The Risks Associated With Digital Financial Services

The Digitalization of Financial Services is an undeniable force shaping the future of financial platforms. The ability to perform transactions, check balances, access loans and invest on an online platform has revolutionized the way in which we interact with money.

The Paramount concern surrounding digital financial services is the vulnerability of the user data to Cyber threats. The volume of sensitive information traversing the digital landscape has increased making users susceptible to identity theft, fraud and other malicious activities. Despite the rapid technological innovations, the Kenyan legal and regulatory framework has not responded to the gaps in respective legislation.

The regulations for Financial Services in Kenya are contained in different statutes which include the Banking Act, the Prudential Guidelines for the Institutions Licensed Under the Banking Act, Money Remittance Regulations 2013, the National Payment Systems Act, National Payment Systems Regulations, Kenya Information Communications Act and the regulations thereunder amongst several other statutes.

Varied aspects of the digital financial services are therefore regulated separately by different regulators such as the CBK and the Communications Authority of Kenya (CAK). This fragmented nature of the regulatory framework means that entities seeking to play in this space have to scour through different statutes, regulations and circulars to know their obligations.

Decisions driven by different regulators therefore leads to lack of coherence in consumer protection and market oversight.

In 2021, Parliament enacted the Central Bank Amendment Act 2021 giving CBK powers to regulate digital lenders despite these actors having been in the market for several years.

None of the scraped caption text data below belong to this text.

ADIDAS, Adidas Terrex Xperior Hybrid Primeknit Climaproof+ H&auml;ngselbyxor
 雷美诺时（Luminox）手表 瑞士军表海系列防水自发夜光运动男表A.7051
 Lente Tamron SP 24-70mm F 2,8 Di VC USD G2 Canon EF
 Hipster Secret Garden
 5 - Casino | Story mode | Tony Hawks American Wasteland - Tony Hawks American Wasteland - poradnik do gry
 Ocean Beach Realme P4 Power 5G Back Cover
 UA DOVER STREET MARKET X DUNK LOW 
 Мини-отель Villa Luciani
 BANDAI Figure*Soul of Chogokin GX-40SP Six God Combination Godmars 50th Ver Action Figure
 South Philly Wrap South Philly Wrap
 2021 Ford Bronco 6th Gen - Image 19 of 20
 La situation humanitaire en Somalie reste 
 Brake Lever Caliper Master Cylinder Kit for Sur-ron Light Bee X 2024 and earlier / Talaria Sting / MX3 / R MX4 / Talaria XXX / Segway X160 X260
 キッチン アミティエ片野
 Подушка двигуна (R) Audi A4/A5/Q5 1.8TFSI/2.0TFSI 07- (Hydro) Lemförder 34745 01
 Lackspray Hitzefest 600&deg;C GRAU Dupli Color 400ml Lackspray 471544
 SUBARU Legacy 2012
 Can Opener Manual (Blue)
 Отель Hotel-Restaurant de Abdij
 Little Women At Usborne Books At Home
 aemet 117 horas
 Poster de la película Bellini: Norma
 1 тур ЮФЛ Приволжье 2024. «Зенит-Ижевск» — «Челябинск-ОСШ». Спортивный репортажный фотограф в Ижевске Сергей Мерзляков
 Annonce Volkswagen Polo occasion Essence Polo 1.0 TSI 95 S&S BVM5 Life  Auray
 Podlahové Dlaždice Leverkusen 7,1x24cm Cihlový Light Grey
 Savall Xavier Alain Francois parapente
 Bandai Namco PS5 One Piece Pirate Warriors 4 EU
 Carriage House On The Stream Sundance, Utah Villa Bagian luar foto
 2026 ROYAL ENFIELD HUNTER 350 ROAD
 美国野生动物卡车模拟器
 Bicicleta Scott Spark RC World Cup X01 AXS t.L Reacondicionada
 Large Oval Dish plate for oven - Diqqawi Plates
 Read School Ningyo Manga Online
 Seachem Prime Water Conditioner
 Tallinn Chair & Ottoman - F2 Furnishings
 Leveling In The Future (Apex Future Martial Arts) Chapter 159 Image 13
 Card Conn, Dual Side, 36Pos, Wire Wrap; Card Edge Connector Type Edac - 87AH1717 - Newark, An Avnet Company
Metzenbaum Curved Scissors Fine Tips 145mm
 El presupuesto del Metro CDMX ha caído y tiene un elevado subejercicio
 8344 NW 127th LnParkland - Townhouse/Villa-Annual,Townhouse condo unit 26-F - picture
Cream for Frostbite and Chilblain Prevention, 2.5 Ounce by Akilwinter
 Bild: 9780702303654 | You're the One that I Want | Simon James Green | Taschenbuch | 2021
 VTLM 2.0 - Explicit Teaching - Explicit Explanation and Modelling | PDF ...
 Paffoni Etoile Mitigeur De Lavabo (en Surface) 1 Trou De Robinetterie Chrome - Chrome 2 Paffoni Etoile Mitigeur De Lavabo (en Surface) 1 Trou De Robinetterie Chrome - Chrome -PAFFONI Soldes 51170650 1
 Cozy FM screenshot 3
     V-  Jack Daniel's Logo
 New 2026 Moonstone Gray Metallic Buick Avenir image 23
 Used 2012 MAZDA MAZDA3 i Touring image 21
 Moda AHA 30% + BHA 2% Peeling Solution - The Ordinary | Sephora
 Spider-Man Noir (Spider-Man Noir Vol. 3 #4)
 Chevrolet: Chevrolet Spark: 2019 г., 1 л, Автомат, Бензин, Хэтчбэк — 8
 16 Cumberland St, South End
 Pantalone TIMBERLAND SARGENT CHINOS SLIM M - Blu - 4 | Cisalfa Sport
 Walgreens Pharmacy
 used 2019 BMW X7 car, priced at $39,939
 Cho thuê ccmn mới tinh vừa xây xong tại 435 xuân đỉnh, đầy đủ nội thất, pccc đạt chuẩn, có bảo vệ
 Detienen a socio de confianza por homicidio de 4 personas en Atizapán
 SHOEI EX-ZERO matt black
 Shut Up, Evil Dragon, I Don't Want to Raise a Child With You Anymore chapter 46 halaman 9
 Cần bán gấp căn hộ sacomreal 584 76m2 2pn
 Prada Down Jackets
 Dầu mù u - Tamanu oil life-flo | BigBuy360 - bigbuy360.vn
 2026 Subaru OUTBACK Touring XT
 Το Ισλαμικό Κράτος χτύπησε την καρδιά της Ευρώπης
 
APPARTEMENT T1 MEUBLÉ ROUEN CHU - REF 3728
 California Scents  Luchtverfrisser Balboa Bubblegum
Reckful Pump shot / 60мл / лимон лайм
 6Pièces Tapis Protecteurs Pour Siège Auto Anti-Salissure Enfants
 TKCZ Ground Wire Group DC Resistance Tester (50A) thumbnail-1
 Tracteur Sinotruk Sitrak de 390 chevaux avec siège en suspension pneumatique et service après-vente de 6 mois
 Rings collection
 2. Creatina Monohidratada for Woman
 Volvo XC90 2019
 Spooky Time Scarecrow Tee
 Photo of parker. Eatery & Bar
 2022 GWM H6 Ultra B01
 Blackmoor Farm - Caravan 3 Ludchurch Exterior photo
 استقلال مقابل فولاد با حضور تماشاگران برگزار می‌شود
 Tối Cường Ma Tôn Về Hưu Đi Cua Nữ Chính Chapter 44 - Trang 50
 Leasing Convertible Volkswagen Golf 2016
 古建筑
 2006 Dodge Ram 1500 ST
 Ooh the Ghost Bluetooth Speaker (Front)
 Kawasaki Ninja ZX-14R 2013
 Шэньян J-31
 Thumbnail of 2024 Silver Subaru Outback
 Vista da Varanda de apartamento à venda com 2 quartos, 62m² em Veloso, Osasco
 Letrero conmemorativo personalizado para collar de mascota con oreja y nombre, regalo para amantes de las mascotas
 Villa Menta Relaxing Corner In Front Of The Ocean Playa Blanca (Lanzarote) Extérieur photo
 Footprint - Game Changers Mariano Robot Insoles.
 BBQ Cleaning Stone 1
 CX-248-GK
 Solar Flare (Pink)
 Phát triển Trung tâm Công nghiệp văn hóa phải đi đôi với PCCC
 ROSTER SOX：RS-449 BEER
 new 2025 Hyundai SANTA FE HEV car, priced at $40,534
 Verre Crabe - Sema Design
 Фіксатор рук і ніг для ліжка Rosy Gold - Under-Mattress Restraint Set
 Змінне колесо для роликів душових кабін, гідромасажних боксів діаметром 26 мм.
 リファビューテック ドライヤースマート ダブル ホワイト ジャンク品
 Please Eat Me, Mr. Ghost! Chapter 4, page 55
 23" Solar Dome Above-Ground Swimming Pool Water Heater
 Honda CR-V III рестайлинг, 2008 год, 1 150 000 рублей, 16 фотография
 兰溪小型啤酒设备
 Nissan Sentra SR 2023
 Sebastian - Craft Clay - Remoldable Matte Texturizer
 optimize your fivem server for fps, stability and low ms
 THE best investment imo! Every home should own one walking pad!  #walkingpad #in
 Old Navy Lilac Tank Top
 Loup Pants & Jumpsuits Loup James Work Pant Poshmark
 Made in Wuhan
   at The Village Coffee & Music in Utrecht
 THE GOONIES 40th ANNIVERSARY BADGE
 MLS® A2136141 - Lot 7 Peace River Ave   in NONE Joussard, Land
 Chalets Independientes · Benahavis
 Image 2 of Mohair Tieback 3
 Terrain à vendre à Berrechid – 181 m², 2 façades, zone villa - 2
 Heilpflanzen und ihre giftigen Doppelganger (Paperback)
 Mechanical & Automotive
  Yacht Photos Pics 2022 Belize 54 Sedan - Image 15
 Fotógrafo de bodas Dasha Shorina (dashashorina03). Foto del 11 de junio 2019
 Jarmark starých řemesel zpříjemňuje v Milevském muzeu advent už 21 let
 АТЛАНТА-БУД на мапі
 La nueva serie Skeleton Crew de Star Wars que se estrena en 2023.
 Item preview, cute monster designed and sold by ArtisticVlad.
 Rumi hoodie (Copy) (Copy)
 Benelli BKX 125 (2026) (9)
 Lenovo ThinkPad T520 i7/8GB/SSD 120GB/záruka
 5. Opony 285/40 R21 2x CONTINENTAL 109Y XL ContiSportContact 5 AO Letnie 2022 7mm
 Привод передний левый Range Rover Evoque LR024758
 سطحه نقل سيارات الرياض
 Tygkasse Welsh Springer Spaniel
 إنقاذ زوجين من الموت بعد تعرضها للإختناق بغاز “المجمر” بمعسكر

The Central Bank of Kenya (Digital Credit Providers) Regulations, 2022 requires the digital lenders to implement consumer protection measures and obtain CBK licensing.

The digital credit providers regulations seek to regulate providers who are lending or borrowing through digital channels. There is an aspect of ambiguity in the regulations on whether providers who use manual or physical documents until the disbursement stage which is done through mobile money or bank transfer or cheques are covered by the regulations.

Though the Digital Lenders regulatory framework has come into force, there is a need for continued enhancement.